*** Opening Data under study ***

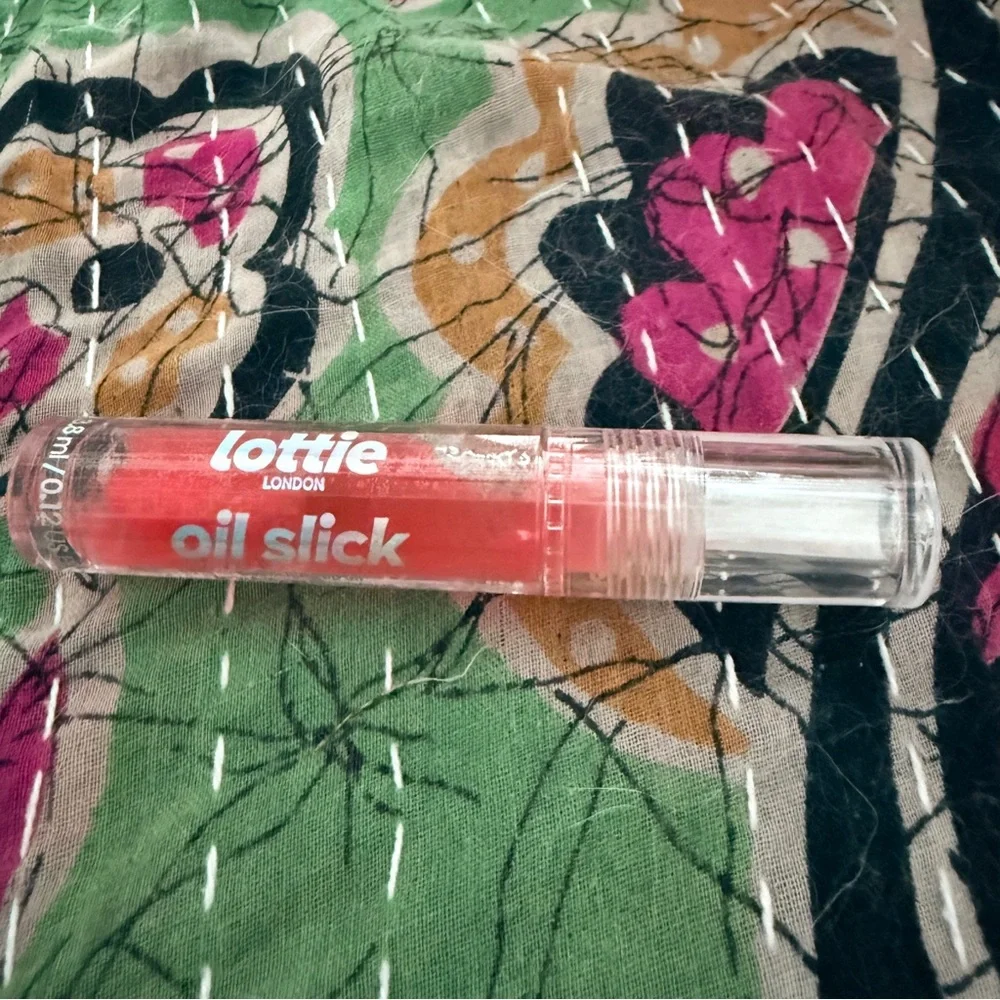 Lottie London‎ Oil Slick Lip Oil in Peachy Cheeks. Full Sized, New / Sealed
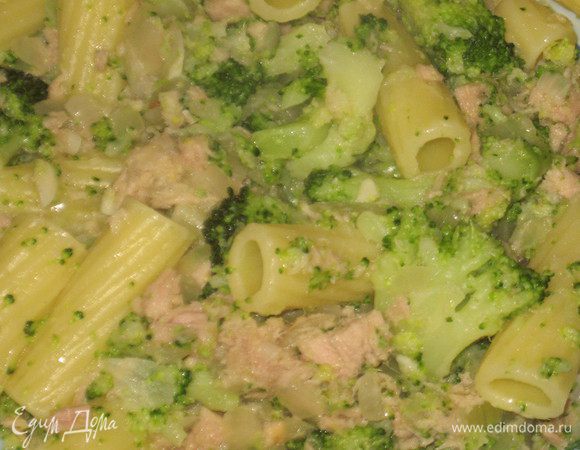 Откинуть на дуршлаг , соединить с луком и чесноком. Добавить пармезан,тунец,хорошо перемешать и прогреть на слабом огне 1 минуту.Приятного аппетита:)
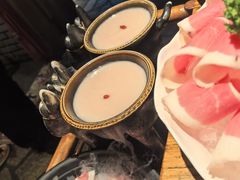 -老牌坊云南鱼豆花火锅(爱建店)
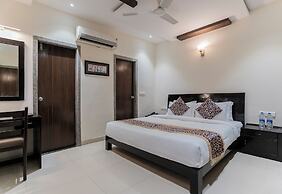 HOTEL THE ARCHI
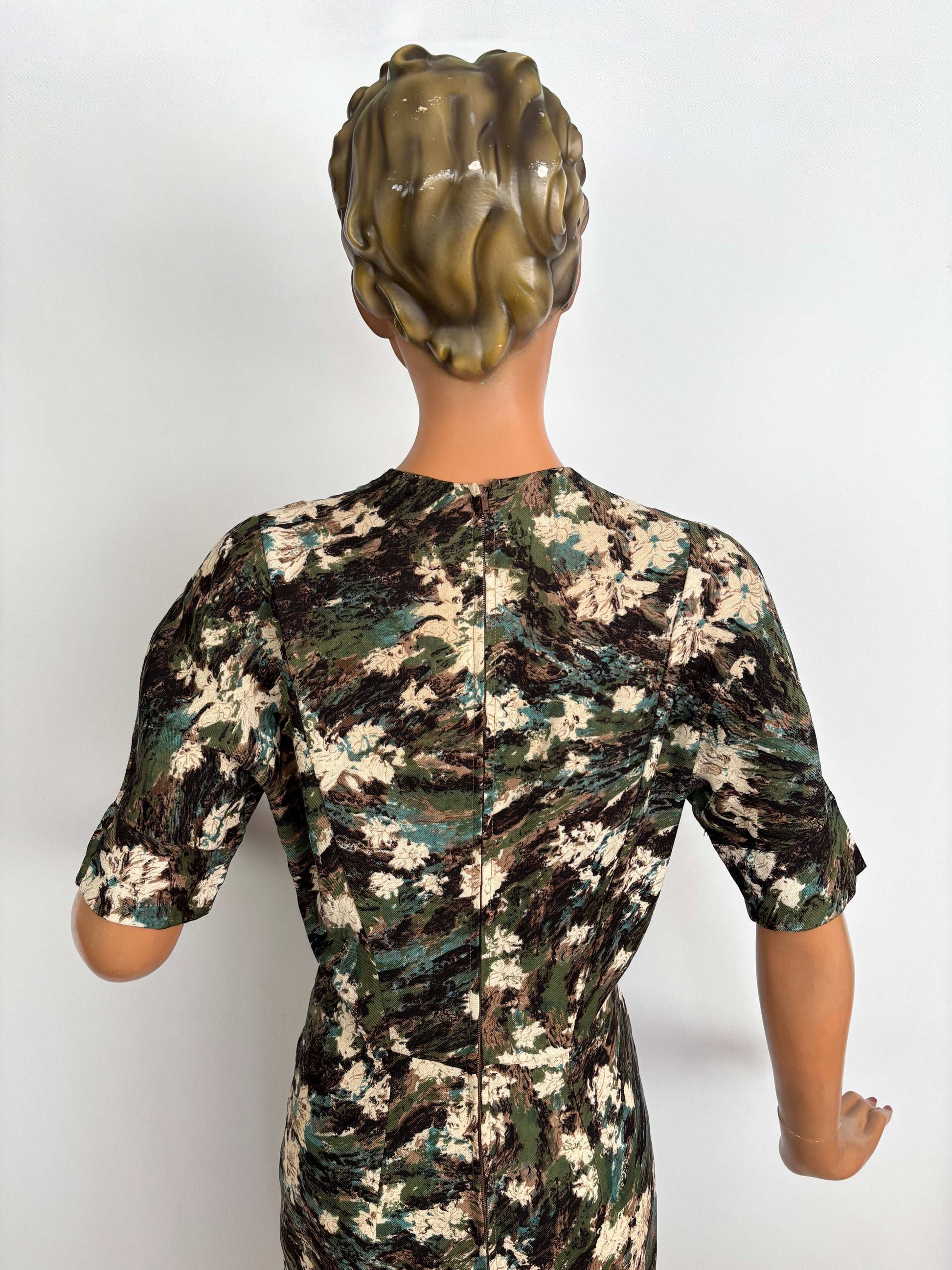 L | 1950s Wool Dress in Green, Brown and Cream Floral Pattern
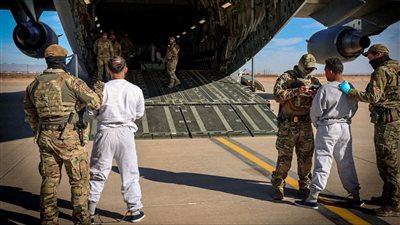 دولة إفريقية تواجه أزمة قانونية بعد قبولها مرحلين من أمريكا دون موافقة برلمانية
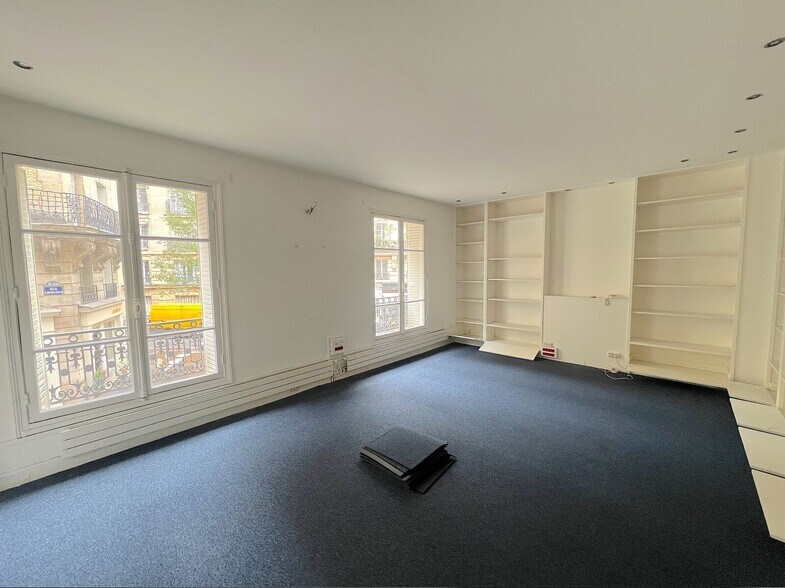 Bureau dans Paris à vendre - Photo de l’immeuble – Image 2 sur 4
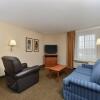 Отель Candlewood Suites Chambersburg, an IHG Hotel, фото 22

*** Closing Data under study ***

Assignment: Output all of the data exactly. Skip the pictures.

Exercise result:
 Lottie London‎ Oil Slick Lip Oil in Peachy Cheeks. Full Sized, New / Sealed
 Откинуть на дуршлаг , соединить с луком и чесноком. Добавить пармезан,тунец,хорошо перемешать и прогреть на слабом огне 1 минуту.Приятного аппетита:)
 -老牌坊云南鱼豆花火锅(爱建店)
 HOTEL THE ARCHI
 L | 1950s Wool Dress in Green, Brown and Cream Floral Pattern
 دولة إفريقية تواجه أزمة قانونية بعد قبولها مرحلين من أمريكا دون موافقة برلمانية
 Bureau dans Paris à vendre - Photo de l’immeuble – Image 2 sur 4
 Отель Candlewood Suites Chambersburg, an IHG Hotel, фото 22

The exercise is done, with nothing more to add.